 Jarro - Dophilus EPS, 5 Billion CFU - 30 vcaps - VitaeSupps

---

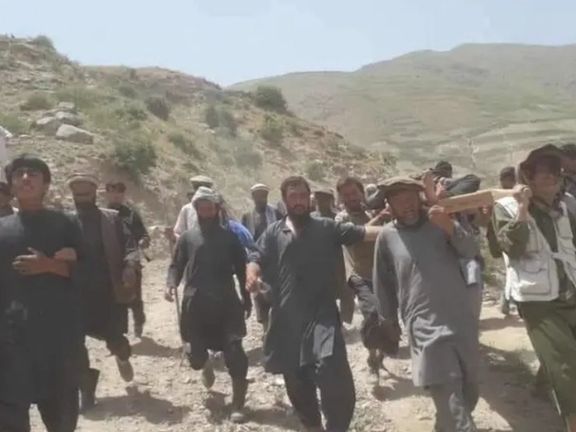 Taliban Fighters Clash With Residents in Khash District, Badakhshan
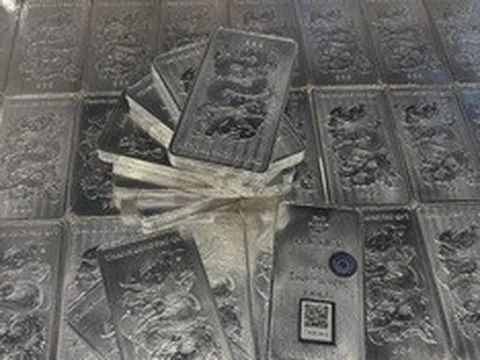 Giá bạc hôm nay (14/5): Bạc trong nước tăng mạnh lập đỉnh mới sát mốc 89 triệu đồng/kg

==

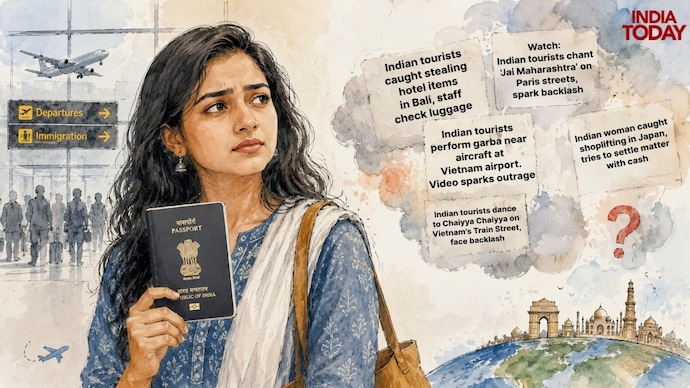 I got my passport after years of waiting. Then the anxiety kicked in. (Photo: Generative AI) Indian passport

WHAT YOU ARE ASKED TO DO: The copy should hold only the lines from the one with "Taliban Fighters Clash" through the one with "Giá bạc hôm", exactly as they stand above. Leave out the pictures.

ANSWER TO THIS PROBLEM:
 Taliban Fighters Clash With Residents in Khash District, Badakhshan
 Giá bạc hôm nay (14/5): Bạc trong nước tăng mạnh lập đỉnh mới sát mốc 89 triệu đồng/kg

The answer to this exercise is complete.